Information supplied:
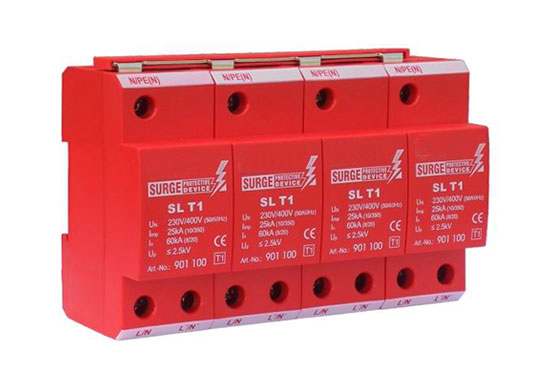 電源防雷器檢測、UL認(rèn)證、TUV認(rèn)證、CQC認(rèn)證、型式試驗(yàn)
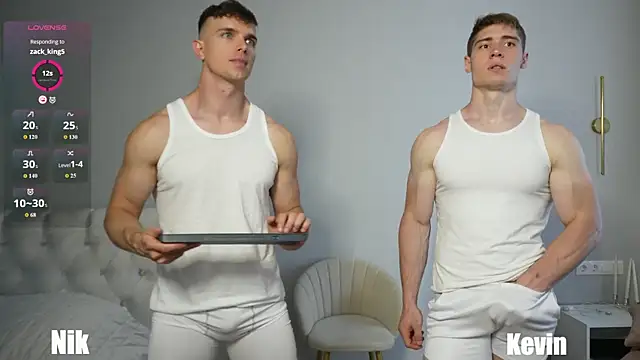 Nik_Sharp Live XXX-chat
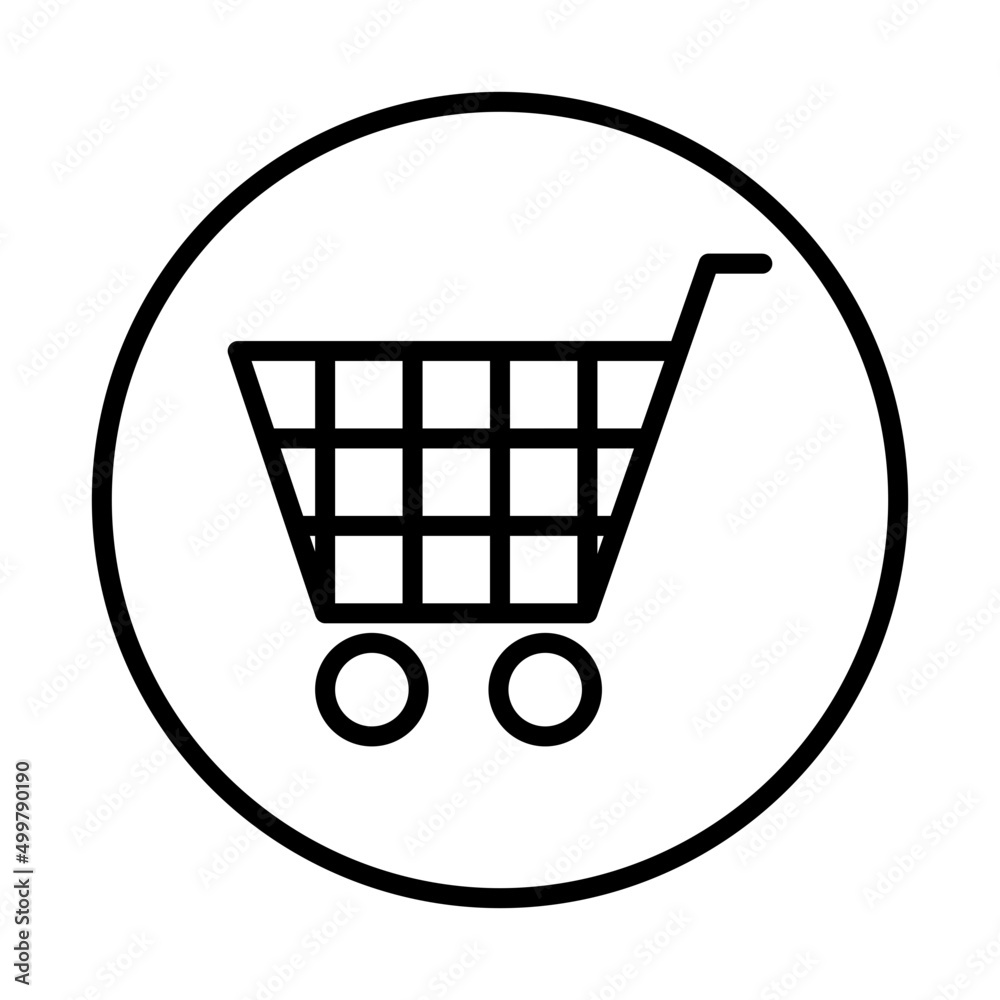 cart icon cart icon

Requirement:
Please retype the data exactly. The pictures do not go in.

Answer space:
 電源防雷器檢測、UL認(rèn)證、TUV認(rèn)證、CQC認(rèn)證、型式試驗(yàn)
 Nik_Sharp Live XXX-chat
 cart icon cart icon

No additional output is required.